According to NPD lieutenant Andrew Rubin, the money collected from underage drinking fines goes to a variety of needs for the police department and Delaware state systems.
“The fines assessed go into the City of Newark General Fund,” Rubin said “The ‘fees’ are generally state-mandated fees that go to various state services such as victim assistance, videophone system, DELJIS [Delaware Criminal Justice Information System] system, etc. We do not charge to fingerprint and I assume the $75 fee you refer to has to do with expungement. Expungement is not handled through the arresting police agency and is a court issue. You would have to ask the courts about their fees.”
The single largest day-drinking bust in Newark occurred in 2016, when 174 people were given citations for underage drinking at a party. Rubin claims the number of underages thoughout the years stayed relatively consistent.
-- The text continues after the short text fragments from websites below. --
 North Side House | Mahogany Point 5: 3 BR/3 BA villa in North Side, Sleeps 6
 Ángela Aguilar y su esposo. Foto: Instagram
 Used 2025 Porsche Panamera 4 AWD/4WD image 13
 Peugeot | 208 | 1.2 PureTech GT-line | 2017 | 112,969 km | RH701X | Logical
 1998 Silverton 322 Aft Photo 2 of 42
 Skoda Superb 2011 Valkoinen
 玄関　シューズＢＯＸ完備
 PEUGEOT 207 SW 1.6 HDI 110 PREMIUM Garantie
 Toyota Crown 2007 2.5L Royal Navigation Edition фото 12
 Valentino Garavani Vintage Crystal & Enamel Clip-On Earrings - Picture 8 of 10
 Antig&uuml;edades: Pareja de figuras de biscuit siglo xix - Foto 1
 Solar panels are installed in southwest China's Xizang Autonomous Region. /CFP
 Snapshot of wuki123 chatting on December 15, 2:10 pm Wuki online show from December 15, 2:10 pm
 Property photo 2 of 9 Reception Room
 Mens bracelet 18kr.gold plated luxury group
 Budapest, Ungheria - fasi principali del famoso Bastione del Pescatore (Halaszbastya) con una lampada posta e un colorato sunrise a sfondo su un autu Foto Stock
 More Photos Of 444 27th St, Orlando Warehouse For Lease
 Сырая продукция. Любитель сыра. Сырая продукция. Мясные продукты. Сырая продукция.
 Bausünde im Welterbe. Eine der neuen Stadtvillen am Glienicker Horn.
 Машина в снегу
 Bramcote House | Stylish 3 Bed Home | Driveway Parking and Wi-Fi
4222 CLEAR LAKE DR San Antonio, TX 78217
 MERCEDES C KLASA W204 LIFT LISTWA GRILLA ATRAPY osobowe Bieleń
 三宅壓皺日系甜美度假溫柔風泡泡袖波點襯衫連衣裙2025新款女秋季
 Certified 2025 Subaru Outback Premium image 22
“In 2018, the Newark Police made 286 arrests for underage possession/consumption of alcohol, unlawful entry into a liquor store, possession of fraudulent identification and possession of an open container of alcohol while under 21 years of age,” Rubin said. “From 2014-2017, there were an average of 278 arrests per year.”
Rubin assures that the NPD does not use arrests as a “scare tactic.” Rather, they are simply responding to calls to combat crime.
“I was so drunk and so terrified,” Josh, a member of a fraternity who requests his last name not be used, said. “I was a freshman at the time and thought my life was over, when my college experience had just begun.”
With warm weather approaching, outdoor party season will likely be back into full swing. Students are wondering if another big bust is heading their way.
“Underage drinking has been a problem and will likely continue to be a problem,” Rubin said. We continue to combat the problem with the resources available.”
In fall of 2018, just months after the university had been named the No. 1 party school by The Princeton Review, a similar bust happened at an off-campus party. According to the NPD, about 100 citations were given, but the operation was not pre-planned, as the bust in 2016 was.
“They had to have planned it way in advance,” said Danielle, a junior, who requests her last name not be used. “There was a helicopter circling looking for the biggest party to bust, it wasn’t just NPD there, it was UDPD and Delaware police officers too.”
According to The Princeton Review, party school rankings are based off “student ratings concerning the use of alcohol and drugs at their school, the number of hours they study each day outside of class time, and the popularity of fraternities and sororities at their school.”
“Handing out so many underages just makes this school look worse,” Jacob, a junior, who also requests his last name not be used, said. “When I go and visit other schools, police officers just patrol to make sure everyone is safe and having fun. Instead, here, the cops just wanna bust as many parties as they can, to write as many tickets as they can, to make as much money as possible.”
The NPD suggests that these arrests are made to ensure the safety of students and residents in Newark. Alcohol is consistently a factor in Newark crime.
“Whether a crime is committed while someone is under the influence of alcohol or someone under the influence of alcohol is a victim of a crime, alcohol is an underlying factor in many crimes in Newark,” Rubin said.